This thread has been locked.

If you have a related question, please click the "Ask a related question" button in the top right corner. The newly created question will be automatically linked to this question.

PTH12020L: Power loss

Part Number: PTH12020L
Other Parts Discussed in Thread: TPS7A94EVM-046

Tool/software:

Hi team, 

1) we are using P/N: PTH12020 in our design,

input voltage:12V

output voltage: 0.85V

Load Current: 13.745A

efficiency:80% (as per datasheet)

for Power loss we got 2.921W using formula (o/p power*((1-efficiency)/efficiency)), is ok to get 2.9W power loss???, we feel it is more than usual, does it required any heatsink??

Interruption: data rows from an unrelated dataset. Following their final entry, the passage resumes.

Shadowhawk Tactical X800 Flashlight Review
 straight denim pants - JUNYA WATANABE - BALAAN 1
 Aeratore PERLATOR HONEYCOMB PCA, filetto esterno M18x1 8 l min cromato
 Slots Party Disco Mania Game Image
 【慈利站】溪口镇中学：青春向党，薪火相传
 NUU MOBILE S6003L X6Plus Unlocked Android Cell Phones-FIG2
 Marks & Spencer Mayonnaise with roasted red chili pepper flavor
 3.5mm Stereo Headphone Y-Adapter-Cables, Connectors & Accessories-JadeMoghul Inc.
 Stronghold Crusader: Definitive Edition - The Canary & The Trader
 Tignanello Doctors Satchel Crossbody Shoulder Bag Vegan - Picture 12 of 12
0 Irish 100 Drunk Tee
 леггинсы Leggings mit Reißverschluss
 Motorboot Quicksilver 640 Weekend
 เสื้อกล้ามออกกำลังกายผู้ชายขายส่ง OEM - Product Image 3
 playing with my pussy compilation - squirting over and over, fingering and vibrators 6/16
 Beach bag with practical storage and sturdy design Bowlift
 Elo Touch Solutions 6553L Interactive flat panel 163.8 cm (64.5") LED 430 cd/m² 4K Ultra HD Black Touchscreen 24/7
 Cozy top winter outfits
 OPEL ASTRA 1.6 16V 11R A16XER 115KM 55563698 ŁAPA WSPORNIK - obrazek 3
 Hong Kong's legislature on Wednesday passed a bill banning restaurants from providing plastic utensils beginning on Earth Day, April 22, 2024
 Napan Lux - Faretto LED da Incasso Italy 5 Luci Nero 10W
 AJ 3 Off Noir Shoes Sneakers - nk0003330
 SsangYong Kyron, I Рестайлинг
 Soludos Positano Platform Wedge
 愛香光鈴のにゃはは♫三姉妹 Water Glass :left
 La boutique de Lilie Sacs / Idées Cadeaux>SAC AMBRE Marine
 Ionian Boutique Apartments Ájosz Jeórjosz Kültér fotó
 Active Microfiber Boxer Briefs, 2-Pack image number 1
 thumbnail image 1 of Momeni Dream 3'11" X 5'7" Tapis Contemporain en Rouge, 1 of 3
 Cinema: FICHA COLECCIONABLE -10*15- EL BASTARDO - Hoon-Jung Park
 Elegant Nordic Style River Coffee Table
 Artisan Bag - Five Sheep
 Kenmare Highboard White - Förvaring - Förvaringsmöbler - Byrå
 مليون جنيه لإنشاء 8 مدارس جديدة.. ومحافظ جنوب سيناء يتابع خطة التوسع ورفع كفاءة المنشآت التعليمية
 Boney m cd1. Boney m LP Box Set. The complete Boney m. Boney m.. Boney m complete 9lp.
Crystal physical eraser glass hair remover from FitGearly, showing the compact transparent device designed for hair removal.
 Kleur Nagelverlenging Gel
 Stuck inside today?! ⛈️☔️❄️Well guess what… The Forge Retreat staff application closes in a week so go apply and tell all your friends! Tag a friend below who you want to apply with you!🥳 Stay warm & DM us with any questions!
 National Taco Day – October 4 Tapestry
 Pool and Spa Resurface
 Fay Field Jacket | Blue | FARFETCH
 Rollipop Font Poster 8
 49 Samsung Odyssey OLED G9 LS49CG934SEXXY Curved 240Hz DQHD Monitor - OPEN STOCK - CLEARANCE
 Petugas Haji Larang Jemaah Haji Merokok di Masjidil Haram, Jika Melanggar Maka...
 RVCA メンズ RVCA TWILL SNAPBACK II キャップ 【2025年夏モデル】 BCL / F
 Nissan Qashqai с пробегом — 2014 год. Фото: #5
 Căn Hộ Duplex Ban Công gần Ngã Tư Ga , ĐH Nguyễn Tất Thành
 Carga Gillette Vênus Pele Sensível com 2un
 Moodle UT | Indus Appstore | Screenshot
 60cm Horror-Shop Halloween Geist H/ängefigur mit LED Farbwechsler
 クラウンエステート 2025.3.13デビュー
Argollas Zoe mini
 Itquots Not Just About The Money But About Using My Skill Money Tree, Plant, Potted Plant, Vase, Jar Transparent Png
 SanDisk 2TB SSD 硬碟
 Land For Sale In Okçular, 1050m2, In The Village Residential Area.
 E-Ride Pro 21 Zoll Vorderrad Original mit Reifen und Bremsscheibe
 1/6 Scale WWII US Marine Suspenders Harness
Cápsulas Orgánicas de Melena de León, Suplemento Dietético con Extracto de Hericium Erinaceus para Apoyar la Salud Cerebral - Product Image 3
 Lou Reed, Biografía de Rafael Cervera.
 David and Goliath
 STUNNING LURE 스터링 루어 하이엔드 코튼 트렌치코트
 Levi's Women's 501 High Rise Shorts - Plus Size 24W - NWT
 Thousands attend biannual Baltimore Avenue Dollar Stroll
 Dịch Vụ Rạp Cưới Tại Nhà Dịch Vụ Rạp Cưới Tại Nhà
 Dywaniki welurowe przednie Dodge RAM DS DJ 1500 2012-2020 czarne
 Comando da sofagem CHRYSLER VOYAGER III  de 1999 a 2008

2) Similarly, for P/N: TPS7A9401DSCR

input voltage:6.5V

output voltage: 2.5V

Load Current: 0.530A

for Power loss P = (Vin-Vout)*Iout we got 2.12W is this acceptable?? will it generate more heat??

thanks in advance,

Regards

Haritha

  • Hi Haritha,

    1) we are using P/N: PTH12020 in our design,

    input voltage:12V

    output voltage: 0.85V

    Load Current: 13.745A

    efficiency:80% (as per datasheet)

    for Power loss we got 2.921W using formula (o/p power*((1-efficiency)/efficiency)), is ok to get 2.9W power loss???, we feel it is more than usual, does it required any heatsink??

    Your calculation is correct. No, you do not need a heatsink or forced airflow as long as your ambient temperature is below 80ºC. As you can see in the temperature derating vs output current plot, natural convection can support up to 15A at 80ºC of ambient temperature. 

    2) Similarly, for P/N: TPS7A9401DSCR

    input voltage:6.5V

    output voltage: 2.5V

    Load Current: 0.530A

    for Power loss P = (Vin-Vout)*Iout we got 2.12W is this acceptable?? will it generate more heat??

    I apologize for the inconvenience, but could you please create a new thread to ensure that it reaches the appropriate support contact? My opinion will be as follows:

    Upon reviewing the datasheet, the thermal resistance is 25.6ºC/W (assuming your PCB layout is similar to the TPS7A94EVM-046). This means that 2.12W x 25.6ºC/W = 54.3ºC of temperature rise. Considering that the recommended maximum junction temperature is 125ºC, as long as your ambient temperature remains below 70.7ºC (based on 125ºC - 54.3ºC) everything should be fine.

    Thank you,
    Tomoya